Regimen for my common bermuda is as follows:

Mid to late Feb-1 quart per acre of glysophate, symazine, and 2-4d

Early May-put down all the NPK called out by my soil test

Early June-cut Bermuda and once the field is clear of hay come back in with 1 quart per acre of 2-4D along with 8 oz per acre of Roundup Power Max (trying to suppress sandburs)
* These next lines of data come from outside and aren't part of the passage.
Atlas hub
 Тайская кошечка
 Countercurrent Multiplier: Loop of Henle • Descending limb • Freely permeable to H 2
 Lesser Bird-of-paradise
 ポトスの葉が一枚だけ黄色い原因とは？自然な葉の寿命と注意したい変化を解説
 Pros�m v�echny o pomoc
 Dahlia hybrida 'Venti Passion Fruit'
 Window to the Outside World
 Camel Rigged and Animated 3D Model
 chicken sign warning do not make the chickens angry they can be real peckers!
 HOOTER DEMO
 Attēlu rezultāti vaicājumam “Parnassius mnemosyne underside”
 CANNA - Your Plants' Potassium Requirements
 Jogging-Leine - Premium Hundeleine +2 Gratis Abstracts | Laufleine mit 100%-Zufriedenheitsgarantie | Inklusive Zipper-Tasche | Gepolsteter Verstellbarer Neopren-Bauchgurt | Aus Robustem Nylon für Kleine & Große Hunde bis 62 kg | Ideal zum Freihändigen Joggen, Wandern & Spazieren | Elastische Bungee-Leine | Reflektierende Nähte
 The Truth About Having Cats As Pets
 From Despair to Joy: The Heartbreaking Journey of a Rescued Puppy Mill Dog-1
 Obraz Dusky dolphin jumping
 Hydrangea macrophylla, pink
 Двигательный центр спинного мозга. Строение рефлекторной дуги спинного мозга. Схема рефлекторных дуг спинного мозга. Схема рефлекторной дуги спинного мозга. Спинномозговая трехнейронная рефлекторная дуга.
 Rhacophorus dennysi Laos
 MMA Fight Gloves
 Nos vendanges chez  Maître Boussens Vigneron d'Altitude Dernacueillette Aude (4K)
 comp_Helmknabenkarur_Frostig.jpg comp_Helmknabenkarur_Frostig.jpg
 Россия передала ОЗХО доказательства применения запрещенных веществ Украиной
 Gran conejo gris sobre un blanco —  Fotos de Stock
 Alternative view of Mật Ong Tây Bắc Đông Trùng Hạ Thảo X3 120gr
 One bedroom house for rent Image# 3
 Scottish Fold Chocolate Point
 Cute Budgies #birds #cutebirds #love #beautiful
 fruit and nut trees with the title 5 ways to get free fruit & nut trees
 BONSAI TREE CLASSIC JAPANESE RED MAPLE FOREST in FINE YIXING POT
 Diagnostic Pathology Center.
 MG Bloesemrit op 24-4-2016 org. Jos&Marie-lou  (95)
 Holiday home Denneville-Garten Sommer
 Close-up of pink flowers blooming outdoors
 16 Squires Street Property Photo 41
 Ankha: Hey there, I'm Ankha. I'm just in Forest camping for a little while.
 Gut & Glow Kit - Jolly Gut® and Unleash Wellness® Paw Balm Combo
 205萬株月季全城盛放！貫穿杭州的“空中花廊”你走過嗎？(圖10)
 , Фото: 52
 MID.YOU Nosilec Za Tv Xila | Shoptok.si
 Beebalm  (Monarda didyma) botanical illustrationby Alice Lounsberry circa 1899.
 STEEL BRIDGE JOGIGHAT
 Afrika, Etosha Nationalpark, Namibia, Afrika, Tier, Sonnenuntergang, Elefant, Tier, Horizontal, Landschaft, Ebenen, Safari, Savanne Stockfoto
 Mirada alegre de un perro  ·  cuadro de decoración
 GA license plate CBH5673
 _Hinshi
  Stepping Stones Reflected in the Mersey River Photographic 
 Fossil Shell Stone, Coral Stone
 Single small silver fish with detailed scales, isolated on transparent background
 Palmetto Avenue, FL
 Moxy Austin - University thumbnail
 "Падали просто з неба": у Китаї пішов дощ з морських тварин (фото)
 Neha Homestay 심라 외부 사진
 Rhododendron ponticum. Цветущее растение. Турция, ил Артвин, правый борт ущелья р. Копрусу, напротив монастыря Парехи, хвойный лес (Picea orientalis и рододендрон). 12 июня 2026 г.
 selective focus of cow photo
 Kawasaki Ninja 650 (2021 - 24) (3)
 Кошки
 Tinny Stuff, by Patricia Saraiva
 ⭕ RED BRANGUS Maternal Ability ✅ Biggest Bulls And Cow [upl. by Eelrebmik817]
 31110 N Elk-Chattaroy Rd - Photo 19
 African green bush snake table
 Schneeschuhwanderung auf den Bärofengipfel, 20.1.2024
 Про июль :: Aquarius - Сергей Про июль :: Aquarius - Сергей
Depending on the rains I may top dress the Bermuda with another 100 lbs of N per acre. That gets me another cut in mid July then may again in September depending on rains.


----------



## FarmerCline (Oct 12, 2011)

For cool season grass hay I typically will use 2,4d or weedmaster in the spring(March) before first cutting if there are any broad leaf weeds. Sometime after first cutting in mid summer I might have to go back and spray again for the summer broadleaf weeds. The weed I have the most problem with in the summer is horsenettle so I will typically spray something like pasture guard or remedy which works much better than 2,4d or weedmaster on horsenettle and still won't have any long lasting residuals in the soil. In the past I have used grazon p&d and milestone but I quit using them because of the long lasting residuals in the soil that become a problem if I wanted to rotate those fields to soybeans or alfalfa.


----------